By MICHAEL GUERIN
Joseph Douglas nearly missed the winning ride in Royal Ways' $100,000 Great Northern Steeplechase at Ellerslie yesterday - and he can't tell you why.
Douglas dropped the bombshell after his victory that he had been one conversation away from giving up riding only a few months ago.
"I don't know what went wrong, I just lost interest in horses," Douglas said quietly as he received universal congratulations.
The 23-year-old did not seem as excited as those around him, as excited as he should be.
He said the wheels fell off his motivation after he left his job in the stable of Cambridge trainer Don Sellwood in late December.
"I freelanced for a while and was about to give it up to go into the building trade. I thought about where I'd be 15 years down the track and thought I might be able to build a house for myself and settle down," he said.
The prospect of riding Royal Ways to his second Great Northern victory would be motivation enough for any jumps jockey through the summer, but Douglas said opportunities, or the lack of them, were not behind his nearly giving racing away.
"I don't know what it was," he said.
His mentor is former prominent jumps jockey Graeme Lord.
"Graeme has really rallied around me, geeing me up. He convinced me I shouldn't give it away."
Lord was solidly in Douglas' ear with motivational encouragement immediately after the race. "I'm really fired up about racing again now, " Douglas said.
Cambridge trainers Chris and Colleen Wood have also helped.

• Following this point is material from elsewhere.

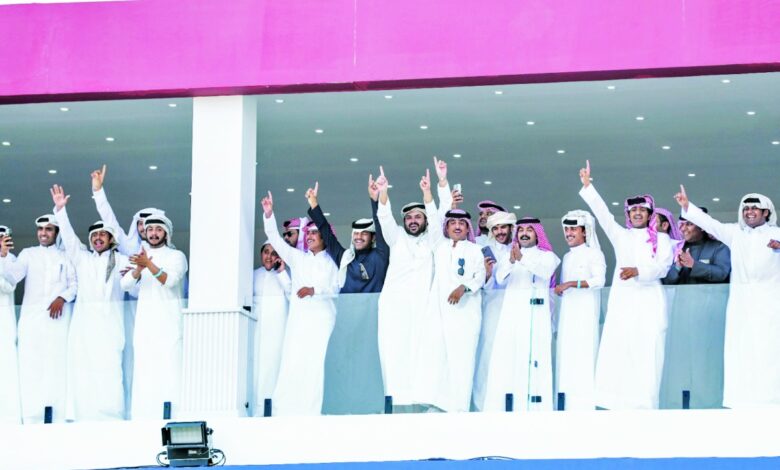 ‫ شوط الجمل تلاد عدد 20 يشعل مهرجان قطر للإبل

"I ride work for their stable and they have been great to me."
Royal Ways was a raging favourite and Douglas rode him beautifully, tucking him behind the leaders almost from the start.

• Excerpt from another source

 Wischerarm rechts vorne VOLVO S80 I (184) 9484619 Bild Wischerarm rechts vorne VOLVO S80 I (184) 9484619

If you had a tip 1600m out, it would have been that Royal Ways would run away with the race, but he had to work hard for his money, his winning margin over the 1998 winner, Our Jonty, being only one-and-a-quarter-lengths.
Royal Ways had four lengths over Our Jonty at the last fence and Douglas said he knew the other horse was closing.
"I had a couple of peeks. He was closing the gap, but I knew the winning post would come up too soon for the other horse."